Super posts guys and beautiful piccys Griff

I can just see the dawg tearing around on the beaches


----------



## Paludic (Apr 17, 2007)

hi 
we "did" a trip to the Outer Hebrides in June this year, our second time. Tis all true.....the islands are wonderful.

There is a new campsite on North Uist, look up www. moorcroftholidays.com aimed at tents and motorhomes. Not cheap but a nice alternative to the Shell Bay site. 
Both campsites have access to beaches for the dog walking - we have dogs too.

Wild camping discreetly is not a problem - Berneray is possibly the most welcoming...forget actually camping at the Butt of Lewis with a dog - cliffs and then signs prohibiting dogs on the coastal footpath.

However, on Lewis - if you go to the "other end of the coastal footpath" north of Tolsta Head and look up "the bridge to nowhere" then wild camping is fine and great walks.

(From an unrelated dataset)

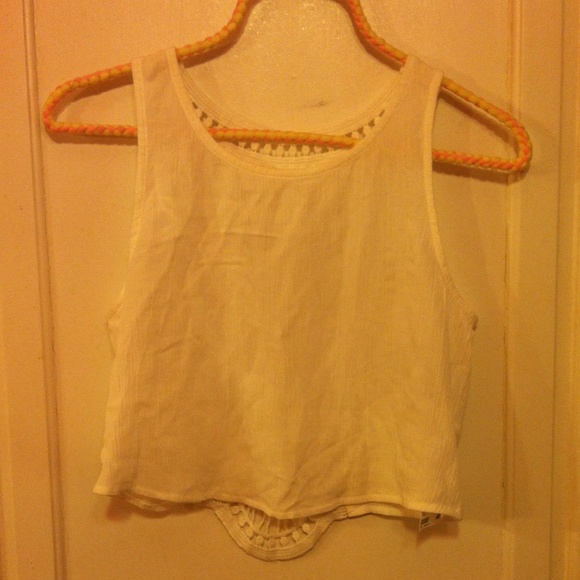 ❌SOLD! to @regina259 !❌NWT Crochet Back Crop Top - Picture 3 of 3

Oh, and get a copy of Monty Hall's Walks book from one of the local shops - his favourite walks on several of the southern islands.

Have fun
best wishes
Sally


----------



## BJT (Oct 31, 2008)

You will all get me dribbling again, very happy memories from the 10 years spent living and working in the Western Isles. Amazing clean sandy beaches, clear air and a much slower pace of life. A few drawbacks though, shopping is limited, the weather is much cooler than the south of England and (in those days) the cost of travel to the mainland. RET has now changed that item.
As you say though,very friendly people and beautiful scenery. The main drawback can be their approach to the 'Sabbath'. The further north you go from Barra the religion changes from Catholic to Protestant to Calvinistic. Stornoway was for many years virtually a 'no movement outside' area, unless going to pray. No car washing, no children playing, no ferries; but Friday evening and Saturday were one long drinking session!
I used to avoid Stornoway at weekends if I could and living on Benbecula that was perfectly feasible.
On the question of wild camping, as I have said before most of the land is designated crofting, ie small farms, land. As a matter of courtesy please ask permission if unsure, if you see the postie ask him as they know every person on their rounds!
Happy camping.


----------